Simulating drug penetration during hyperthermic intraperitoneal chemotherapy

• Published in: Drug delivery Vol. 28; no. 1; pp. 145 - 161
• Main Authors: Löke, Daan R., Helderman, Roxan F. C. P. A., Franken, Nicolaas A. P., Oei, Arlene L., Tanis, Pieter J., Crezee, Johannes, Kok, H. Petra
• Format: Journal Article
• Language: English
• Published: England Taylor & Francis 01.12.2021; Taylor & Francis Ltd; Taylor & Francis Group
• Subjects: Abdomen; Brain cancer; cancer biology; Cancer therapies; Chemotherapy; computational fluid dynamics (CFD); computational modeling; drug dynamics; Fluid dynamics; Gynecology; Hyperthermia; Hyperthermic intrapertioneal chemotherapy (HIPEC); interstitial fluidpressure (IFP); Lymphatic system; Medical prognosis; Oncology; Ovarian cancer; Patients; Planning; Radiation; Surgery; treatment planning software; Tumors; computational fluid dynamics (CFD); drug dynamics; Hyperthermic intrapertioneal chemotherapy (HIPEC); cancer biology; computational modeling; interstitial fluidpressure (IFP); treatment planning software
• ISSN: 1071-7544; 1521-0464
• DOI: 10.1080/10717544.2020.1862364

Hyperthermic intraperitoneal chemotherapy (HIPEC) is administered to treat residual microscopic disease after debulking cytoreductive surgery.
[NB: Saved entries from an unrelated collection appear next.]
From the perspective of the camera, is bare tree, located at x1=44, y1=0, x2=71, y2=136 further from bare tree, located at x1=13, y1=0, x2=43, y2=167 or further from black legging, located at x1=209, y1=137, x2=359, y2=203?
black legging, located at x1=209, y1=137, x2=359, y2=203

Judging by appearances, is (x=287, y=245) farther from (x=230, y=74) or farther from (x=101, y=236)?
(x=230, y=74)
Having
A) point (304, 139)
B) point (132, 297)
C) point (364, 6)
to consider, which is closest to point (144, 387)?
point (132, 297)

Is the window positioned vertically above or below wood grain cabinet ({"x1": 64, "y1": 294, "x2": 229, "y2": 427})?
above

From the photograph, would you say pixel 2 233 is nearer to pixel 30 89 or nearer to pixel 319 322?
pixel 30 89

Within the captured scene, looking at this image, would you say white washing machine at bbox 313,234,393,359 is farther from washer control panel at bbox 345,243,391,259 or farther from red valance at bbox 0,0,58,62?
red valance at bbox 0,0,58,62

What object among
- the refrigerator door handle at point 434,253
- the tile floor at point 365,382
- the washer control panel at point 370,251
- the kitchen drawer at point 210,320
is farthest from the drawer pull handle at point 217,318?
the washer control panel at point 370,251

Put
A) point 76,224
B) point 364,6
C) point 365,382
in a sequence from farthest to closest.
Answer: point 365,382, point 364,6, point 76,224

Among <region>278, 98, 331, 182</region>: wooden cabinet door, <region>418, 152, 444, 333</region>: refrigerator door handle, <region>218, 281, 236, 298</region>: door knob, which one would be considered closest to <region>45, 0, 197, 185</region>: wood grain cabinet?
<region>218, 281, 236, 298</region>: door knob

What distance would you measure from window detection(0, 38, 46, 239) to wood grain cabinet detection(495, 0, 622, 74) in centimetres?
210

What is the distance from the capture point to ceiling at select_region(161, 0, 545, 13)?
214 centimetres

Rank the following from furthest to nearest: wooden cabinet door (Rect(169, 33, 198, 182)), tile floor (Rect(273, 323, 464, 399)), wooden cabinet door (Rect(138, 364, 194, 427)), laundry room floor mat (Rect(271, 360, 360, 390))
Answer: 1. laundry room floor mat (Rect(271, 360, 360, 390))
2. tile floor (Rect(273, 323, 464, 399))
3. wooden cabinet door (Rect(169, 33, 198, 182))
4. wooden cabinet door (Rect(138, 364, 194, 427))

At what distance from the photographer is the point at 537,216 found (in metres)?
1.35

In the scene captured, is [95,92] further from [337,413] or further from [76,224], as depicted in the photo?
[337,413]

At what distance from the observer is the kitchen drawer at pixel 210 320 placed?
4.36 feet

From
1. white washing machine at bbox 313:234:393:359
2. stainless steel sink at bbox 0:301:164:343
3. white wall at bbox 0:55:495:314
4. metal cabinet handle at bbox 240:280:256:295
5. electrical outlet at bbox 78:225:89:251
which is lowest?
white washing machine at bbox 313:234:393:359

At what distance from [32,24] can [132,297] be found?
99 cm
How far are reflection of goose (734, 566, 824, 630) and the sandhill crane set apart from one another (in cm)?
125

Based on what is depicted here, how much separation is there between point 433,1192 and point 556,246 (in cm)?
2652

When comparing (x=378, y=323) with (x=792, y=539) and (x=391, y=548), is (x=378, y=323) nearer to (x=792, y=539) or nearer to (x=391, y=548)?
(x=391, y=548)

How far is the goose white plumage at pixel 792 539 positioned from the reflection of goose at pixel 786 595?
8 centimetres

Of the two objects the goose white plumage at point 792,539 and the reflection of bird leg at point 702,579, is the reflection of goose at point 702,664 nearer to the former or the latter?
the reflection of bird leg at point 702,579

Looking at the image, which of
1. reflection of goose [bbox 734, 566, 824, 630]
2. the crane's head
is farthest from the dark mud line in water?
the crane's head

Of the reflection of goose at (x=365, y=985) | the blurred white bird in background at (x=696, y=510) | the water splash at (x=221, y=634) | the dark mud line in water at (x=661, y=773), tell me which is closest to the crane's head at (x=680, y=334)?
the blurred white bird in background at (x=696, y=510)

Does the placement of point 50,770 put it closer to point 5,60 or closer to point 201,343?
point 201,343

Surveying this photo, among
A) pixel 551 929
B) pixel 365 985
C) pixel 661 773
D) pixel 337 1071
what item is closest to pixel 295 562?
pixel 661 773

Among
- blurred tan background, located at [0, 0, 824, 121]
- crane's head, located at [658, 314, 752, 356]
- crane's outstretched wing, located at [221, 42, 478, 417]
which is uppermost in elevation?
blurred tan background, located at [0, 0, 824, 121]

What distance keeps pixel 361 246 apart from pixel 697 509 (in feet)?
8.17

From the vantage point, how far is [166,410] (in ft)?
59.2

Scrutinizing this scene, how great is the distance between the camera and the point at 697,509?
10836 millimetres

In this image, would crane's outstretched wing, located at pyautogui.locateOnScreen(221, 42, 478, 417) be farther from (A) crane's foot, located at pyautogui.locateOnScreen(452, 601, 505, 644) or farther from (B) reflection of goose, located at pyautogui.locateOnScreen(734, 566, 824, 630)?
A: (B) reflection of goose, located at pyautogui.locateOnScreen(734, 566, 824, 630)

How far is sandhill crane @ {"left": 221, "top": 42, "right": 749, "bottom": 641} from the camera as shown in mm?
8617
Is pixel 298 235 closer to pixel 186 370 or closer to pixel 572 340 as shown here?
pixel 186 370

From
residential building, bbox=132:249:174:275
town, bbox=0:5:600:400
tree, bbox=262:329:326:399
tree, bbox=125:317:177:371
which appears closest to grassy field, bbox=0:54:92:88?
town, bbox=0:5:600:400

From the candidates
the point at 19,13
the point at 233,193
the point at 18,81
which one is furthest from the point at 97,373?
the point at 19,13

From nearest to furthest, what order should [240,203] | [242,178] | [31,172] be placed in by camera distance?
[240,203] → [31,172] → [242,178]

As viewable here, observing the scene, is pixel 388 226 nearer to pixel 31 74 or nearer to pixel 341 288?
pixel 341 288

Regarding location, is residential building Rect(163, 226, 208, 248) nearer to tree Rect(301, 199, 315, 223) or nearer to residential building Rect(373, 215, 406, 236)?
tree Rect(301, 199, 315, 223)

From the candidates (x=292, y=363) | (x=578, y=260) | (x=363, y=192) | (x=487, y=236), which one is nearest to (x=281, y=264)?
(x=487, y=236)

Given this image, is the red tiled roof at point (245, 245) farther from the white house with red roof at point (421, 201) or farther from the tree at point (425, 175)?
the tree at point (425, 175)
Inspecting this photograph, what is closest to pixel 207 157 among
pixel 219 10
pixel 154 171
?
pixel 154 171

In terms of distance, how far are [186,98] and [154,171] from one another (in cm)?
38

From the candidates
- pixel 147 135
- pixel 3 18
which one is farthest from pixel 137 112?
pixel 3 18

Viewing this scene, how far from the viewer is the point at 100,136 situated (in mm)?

During HIPEC, a limited number of catheters are used to administer and drain fluid containing chemotherapy (41-43 °C), yielding heterogeneities in the peritoneum. Large heterogeneities may lead to undertreated areas, increasing the risk of recurrences. Aiming at intra-abdominal homogeneity is therefore essential to fully exploit the potential of HIPEC. More insight is needed into the extent of the heterogeneities during treatments and assess their effects on the efficacy of HIPEC. To that end we developed a computational model containing embedded tumor nodules in an environment mimicking peritoneal conditions. Tumor- and treatment-specific parameters affecting drug delivery like tumor size, tumor shape, velocity, temperature and dose were assessed using three-dimensional computational fluid dynamics (CFD) to demonstrate their effect on the drug distribution and accumulation in nodules. Clonogenic assays performed on RKO colorectal cell lines yielded the temperature-dependent IC50 values of cisplatin (19.5-6.8 micromolar for 37-43 °C), used to compare drug distributions in our computational models. Our models underlined that large nodules are more difficult to treat and that temperature and velocity are the most important factors to control the drug delivery. Moderate flow velocities, between 0.01 and 1  m/s, are optimal for the delivery of cisplatin. Furthermore, higher temperatures and higher doses increased the effective penetration depth with 69% and 54%, respectively. We plan to extend the software developed for this study toward patient-specific treatment planning software, capable of mapping and assist in reducing heterogeneous flow patterns.